How to complete this task:
Print out each record below, unaltered and complete, without its images.

-=-=-

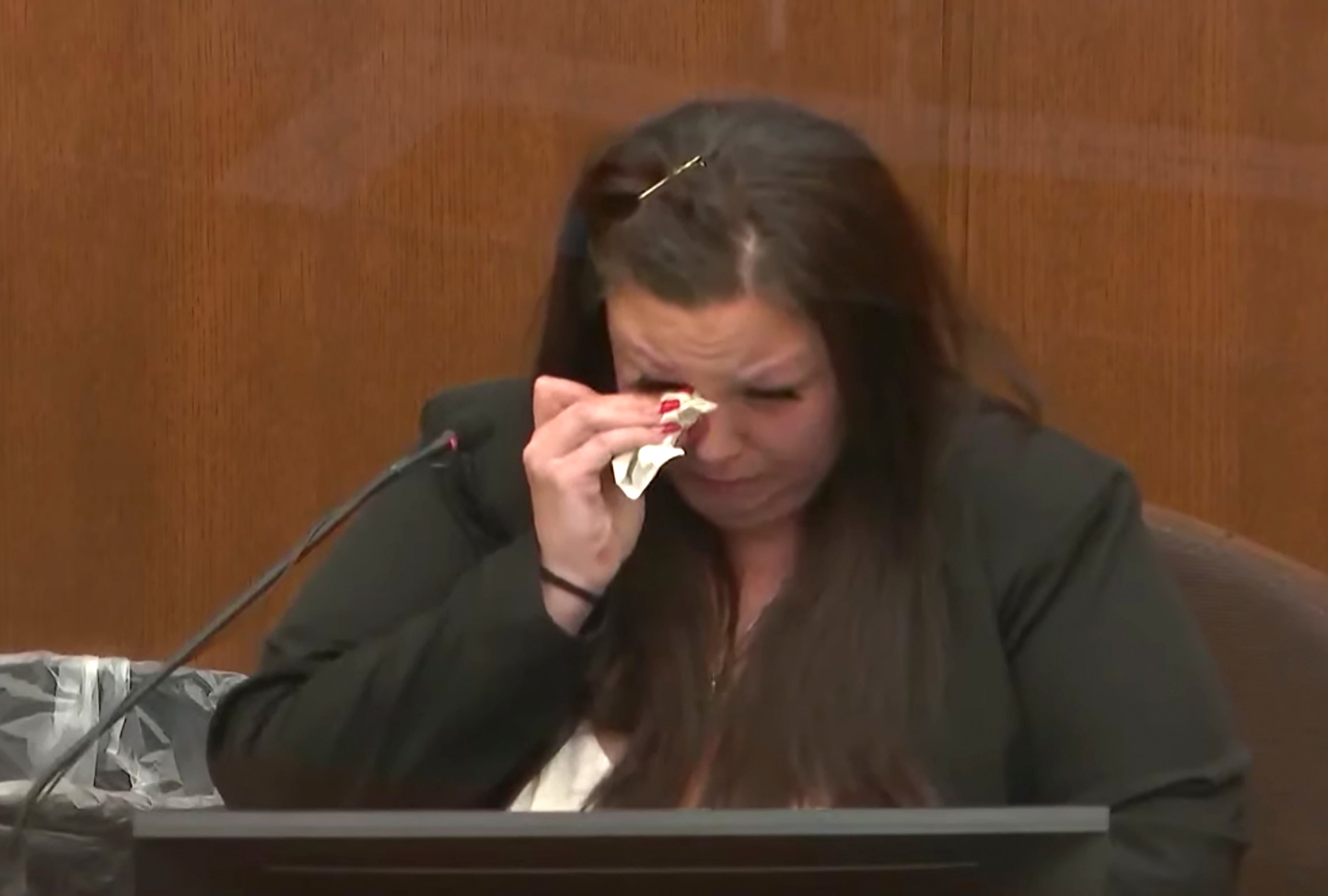 Daunte Wright’s mother Katie Bryant sobs on the stand on Wednesday as she describes seeing her son’s lifeless body via video call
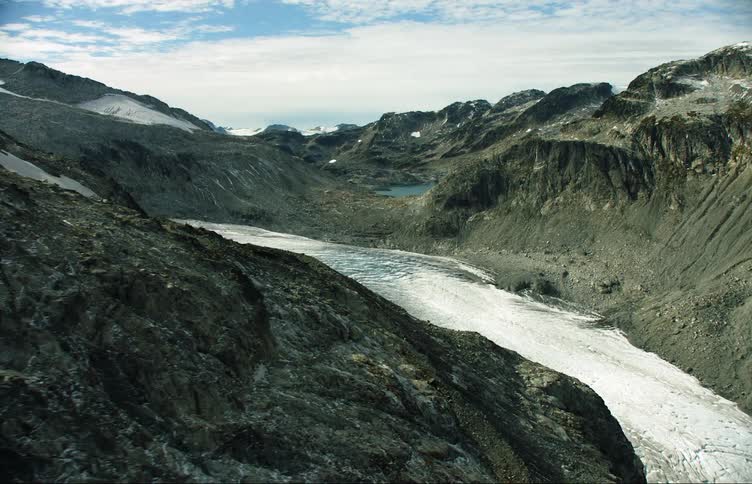 An aerial view of a glacier and surrounding rocky mountain landscape during the day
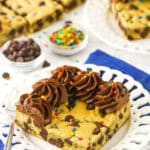 A big corner slice of cookie cake on a plate with chocolate chips and sprinkles in small dishes behind it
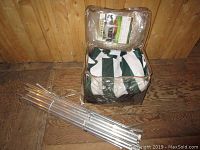 Green and white fabric tent packed in a clear plastic bag with label inside, placed on wooden floor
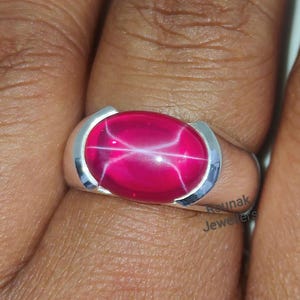 Może przedstawiać: Srebrny pierścionek z dużym, owalnym, różowym rubinem gwiaździstym. Pierścionek osadzony jest w prostej, srebrnej obrączce.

-=-=-

Task response:
 Daunte Wright’s mother Katie Bryant sobs on the stand on Wednesday as she describes seeing her son’s lifeless body via video call
 An aerial view of a glacier and surrounding rocky mountain landscape during the day
 A big corner slice of cookie cake on a plate with chocolate chips and sprinkles in small dishes behind it
 Green and white fabric tent packed in a clear plastic bag with label inside, placed on wooden floor
 Może przedstawiać: Srebrny pierścionek z dużym, owalnym, różowym rubinem gwiaździstym. Pierścionek osadzony jest w prostej, srebrnej obrączce.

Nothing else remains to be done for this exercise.